Un troisième sens du mot kosmos est construit par l’évangile de Jean et semble repris par l’épître. Le bilan que l’évangéliste fait de la mission du Fils envoyé dans le monde est plutôt pessimiste : « il est venu chez lui et les siens ne l’ont pas accueilli » (Jn 1,11), repris à la fin du ministère public : « Bien qu’il eût fait tant de signes devant eux, ils ne croyaient pas en lui » (12,37). Dans les discours d’adieux à ses disciples, Jésus les prévient que le monde les haïra, eux aussi (15,18-19.23-25). Le monde ne les reconnaît pas comme les siens, parce que Jésus les a choisis et tirés du monde (15,19 ; 17,14). Cependant, Jésus les rassure : il a vaincu le monde (16,33) ainsi que le prince de ce monde, qui sera chassé dehors (12,31). Le durcissement de ton correspond au rejet du Fils envoyé dans le monde pour le sauver. La part d’humanité qui refuse le sauveur s’organise en monde qui résiste à la volonté de Dieu, qui fuit la lumière car leurs oeuvres sont mauvaises (3,19-20). Dès lors, « le monde » finit par signifier de façon encore plus restreinte dans Jean le groupe organisé qui rejette en bloc Dieu, son envoyé Jésus et ses disciples, qui les hait sans raison (15,23-25), les persécute et les met à mort (16,1-2). Un tel monde, aliéné de Dieu, majoritaire, organisé en système d’oppression, est effectivement sous l’emprise du Mauvais (1 Jn 5,19) qui en est le chef ou le prince (Jn 12,31). Il faut une bonne familiarité avec la littérature johannique pour percevoir ce sens particulier de kosmos, construit par le corpus (Brown 1966, 509 ; Bauer, Arndt et Gingrich 1979, 446 ; Kittel, Friedrich et Bromiley 1985, 464 ; Marrow 2002, 98-100). À mon avis, c’est le sens visé par 1 Jn 2,15-17. Le problème, c’est qu’un tel sens reste imperceptible pour le lectorat non averti dans nos traductions courantes en français.
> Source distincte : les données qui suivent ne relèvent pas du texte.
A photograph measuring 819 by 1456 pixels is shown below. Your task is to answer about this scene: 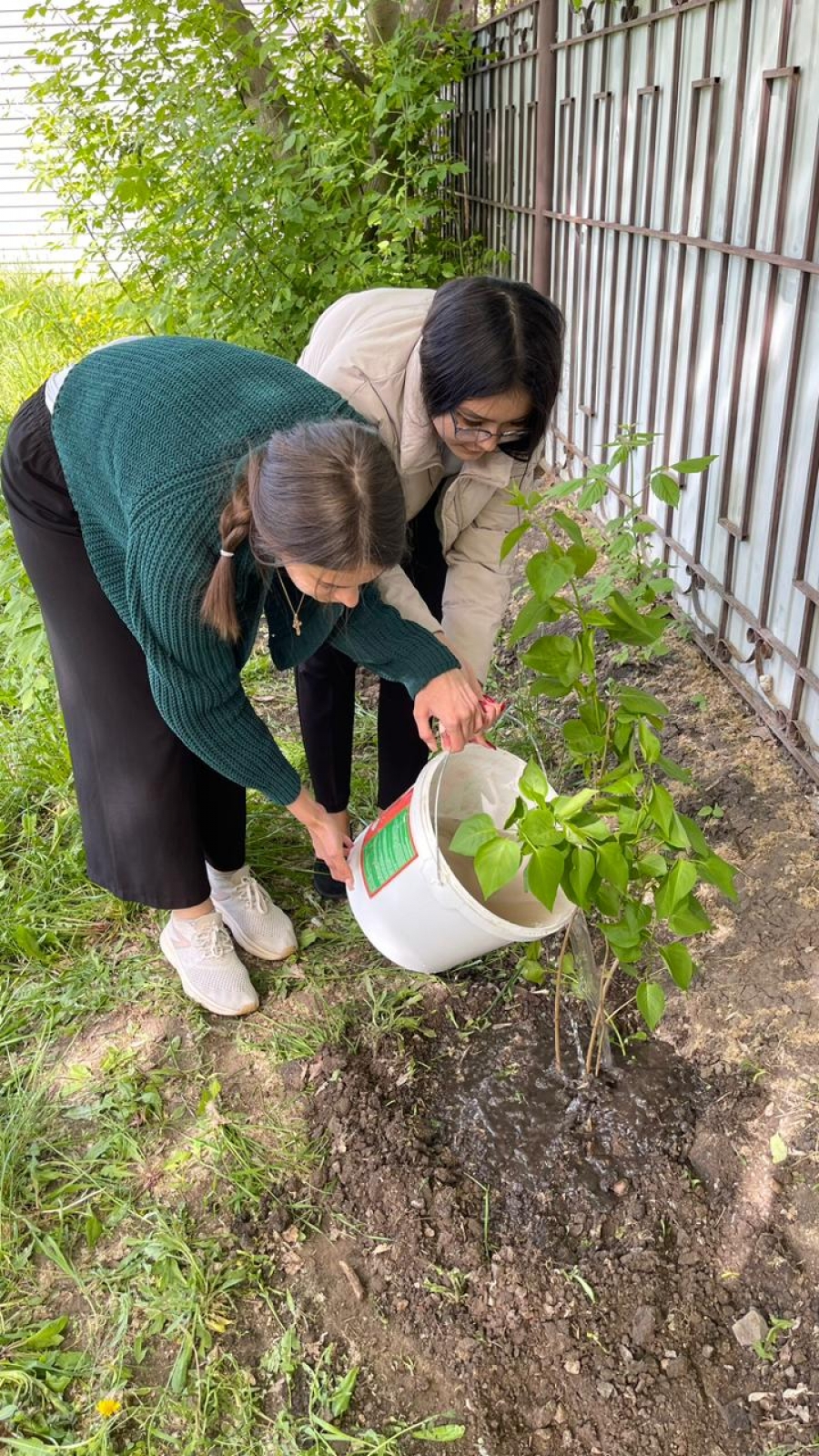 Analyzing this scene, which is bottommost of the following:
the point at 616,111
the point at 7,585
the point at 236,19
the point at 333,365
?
the point at 7,585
Je propose un peu plus loin de traduire kosmos par « système », du moins dans 1 Jn 2,15-17.

D’autres vocables dans ces trois versets mériteraient que nous y prêtions attention, tels « chair » ou « convoitise », par exemple. Compte tenu des limites de cette communication et du besoin de réserver de l’espace pour expliquer la nouvelle traduction proposée, je m’attarde seulement sur deux formules, une par verset : « l’orgueil de la richesse » (2,16) et « demeure éternellement » (2,17).

La formule hè alazoneia tou biou se trouve traduite par « la forfanterie des biens » dans la Bible d’Osty & Trinquet (1973), par « l’orgueil de la richesse » dans la Bible de Jérusalem (1998) et par « la confiance orgueilleuse dans les biens » dans la Traduction oecuménique de la Bible (2010). Dans le Nouveau Testament, le substantif alazoneia n’apparaît qu’ici et dans Jacques 4,16. Curieusement, dans Jacques, la Bible de Jérusalem et Osty & Trinquet s’accordent pour traduire le mot par « forfanterie », tandis que la Traduction oecuménique de la Bible opte pour « fanfaronnades ». Le sens général est clair : vantardise ostentatoire, d’où « orgueil » et « confiance orgueilleuse » dans deux des traductions. Le génitif tou biou apposé au substantif alazoneia peut signifier littéralement « de la vie », donc : « l’orgueil de la vie » ou encore « la vantardise du vivant ». Aucune de nos traductions courantes ne rend l’expression ainsi pour la bonne raison que bios (vie) peut désigner parfois les biens, les avoirs ou la richesse, en tant que support matériel nécessaire à la vie. La répétition du mot « convoitise » (epithumia) deux fois dans le verset oriente la saisie de bios au sens matériel du terme. Ce qui est condamné comme ne venant pas de Dieu le Père dans ce verset n’est donc pas la joie de vivre, mais bien l’insolence d’une accumulation ostentatoire de biens. Nos traductions évoquent bien cela, mais en traduisant bios par « biens » ou « richesse », l’écho du lien à la vie est perdu en français. Je propose un peu plus loin de traduire hè alazoneia tou biou par « l’insolence du surplus de vivres », afin de préserver cet écho, même si les biens ou la richesse ostentatoire ne se réduisent pas au gaspillage de nourriture, évidemment.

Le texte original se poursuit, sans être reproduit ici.